== THE DATA ==
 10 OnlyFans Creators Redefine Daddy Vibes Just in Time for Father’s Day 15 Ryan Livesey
===
== THE DATA ==
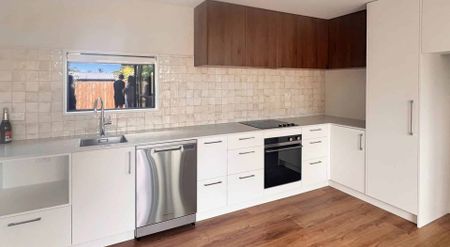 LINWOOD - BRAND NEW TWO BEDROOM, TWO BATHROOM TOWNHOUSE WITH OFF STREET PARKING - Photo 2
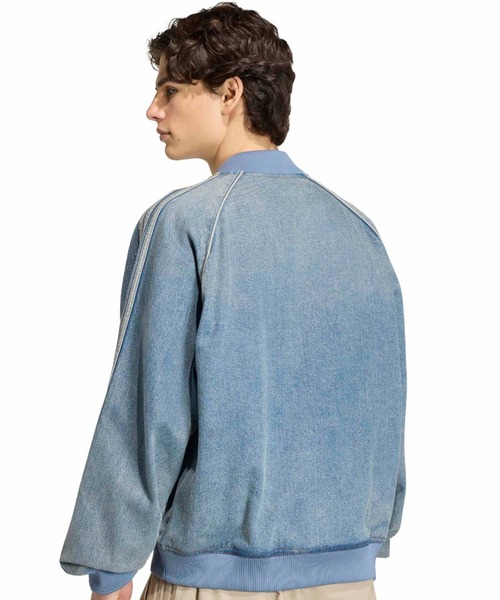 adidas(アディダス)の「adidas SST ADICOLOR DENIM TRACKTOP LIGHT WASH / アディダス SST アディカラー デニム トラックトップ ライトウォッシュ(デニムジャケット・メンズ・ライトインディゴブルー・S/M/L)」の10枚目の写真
===
Exactly as written above, retype the lines starting at the one holding "LINWOOD - BRAND" and ending at the one holding "adidas(アディダス)の「adidas SST ADICOLOR", both included, but not the pictures.

 LINWOOD - BRAND NEW TWO BEDROOM, TWO BATHROOM TOWNHOUSE WITH OFF STREET PARKING - Photo 2
 adidas(アディダス)の「adidas SST ADICOLOR DENIM TRACKTOP LIGHT WASH / アディダス SST アディカラー デニム トラックトップ ライトウォッシュ(デニムジャケット・メンズ・ライトインディゴブルー・S/M/L)」の10枚目の写真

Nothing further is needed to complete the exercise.